The smaller, slighter, and more nervous of the pair was dressed in blue jeans and a crisp khaki-colored nylon windcheater, and he carried a battered computer case as if it was a precious thing.
The second man, taller, burlier, and older, wore a poorly cut black business suit and an air of guarded grimness. A person familiar with Asian ethnology might have been able to identify them both as Korean. Randi Russell knew them to be so. The man in the suit was an agent of the North Korean People’s Security Force. The man in the windcheater was Franklin Sun Chok, a third-generation Korean American, a graduate of the University of California at Berkeley, an employee of the Lawrence Livermore Laboratories, and a traitor.
He was why she and an entire task force of CIA operatives had been positioned across the width of the Pacific: to oversee his act of treason and, if necessary, to assist him in carrying it out.
Unhurriedly Randi closed her file and tucked it into her shoulder bag. Removing a pen, she ticked her room number onto the bill on the table. Rising, she crossed into the lobby and dropped onto the trail of the two men.
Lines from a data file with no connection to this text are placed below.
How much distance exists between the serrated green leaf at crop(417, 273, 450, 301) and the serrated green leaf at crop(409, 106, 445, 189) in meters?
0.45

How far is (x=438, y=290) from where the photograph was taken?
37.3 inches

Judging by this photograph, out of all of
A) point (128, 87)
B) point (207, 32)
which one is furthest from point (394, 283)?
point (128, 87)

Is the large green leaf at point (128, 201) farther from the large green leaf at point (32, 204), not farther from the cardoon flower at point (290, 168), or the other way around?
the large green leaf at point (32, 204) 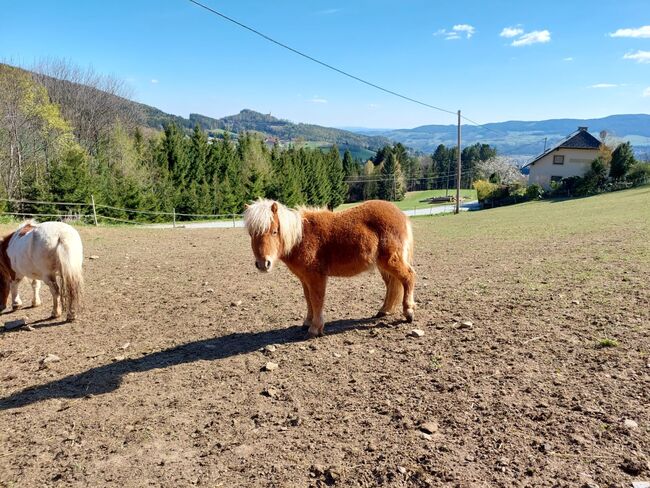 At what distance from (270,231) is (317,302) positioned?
1327 millimetres

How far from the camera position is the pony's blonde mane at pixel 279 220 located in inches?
203

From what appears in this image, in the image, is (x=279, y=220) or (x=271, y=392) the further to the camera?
(x=279, y=220)

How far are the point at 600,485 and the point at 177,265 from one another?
1068 cm

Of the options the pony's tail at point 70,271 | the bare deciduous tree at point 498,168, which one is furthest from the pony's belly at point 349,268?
the bare deciduous tree at point 498,168

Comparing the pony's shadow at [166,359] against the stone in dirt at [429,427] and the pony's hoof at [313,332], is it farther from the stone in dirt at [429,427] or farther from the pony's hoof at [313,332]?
the stone in dirt at [429,427]

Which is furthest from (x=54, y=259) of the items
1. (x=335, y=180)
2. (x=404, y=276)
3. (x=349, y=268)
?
(x=335, y=180)

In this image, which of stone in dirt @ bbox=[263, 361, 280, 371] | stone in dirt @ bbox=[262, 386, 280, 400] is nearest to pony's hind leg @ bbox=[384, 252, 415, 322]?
stone in dirt @ bbox=[263, 361, 280, 371]

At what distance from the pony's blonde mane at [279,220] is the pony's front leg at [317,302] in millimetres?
643

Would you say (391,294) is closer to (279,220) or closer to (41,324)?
(279,220)

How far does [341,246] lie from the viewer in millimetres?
5695

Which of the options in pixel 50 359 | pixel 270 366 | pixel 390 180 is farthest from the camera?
pixel 390 180

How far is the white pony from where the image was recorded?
6.84 meters

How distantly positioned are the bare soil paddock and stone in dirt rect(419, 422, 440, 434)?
0.02 metres

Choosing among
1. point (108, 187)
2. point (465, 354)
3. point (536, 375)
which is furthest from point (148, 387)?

Outside, the hotel’s taxi marshal was feeding a line of guests into the swarm of cabs clumping up on a smog- and car-clogged Dong Chang an Jie Street.
Sun Chok got into the cab first, moving quickly. The North Korean security agent paused before following, sweeping a last jet-eyed stare around the hotel entrance. Randi felt that cold gaze brush past her.
She kept her own eyes averted until the Korean’s cab pulled away. Given the timing of their movement, Randi knew where they must be bound. She wasn’t unduly concerned about maintaining continuous contact. A minute or so later, using a hesitant Chinese several grades below her actual grasp of the language, she instructed the driver of her own cab to take her to Beijing’s Capital Airport.
As the little Volkswagen sedan struggled through the hysterical traffic of Beijing’s Forbidden City district, Randi flipped open her tri-band cellular phone, hitting a preset number.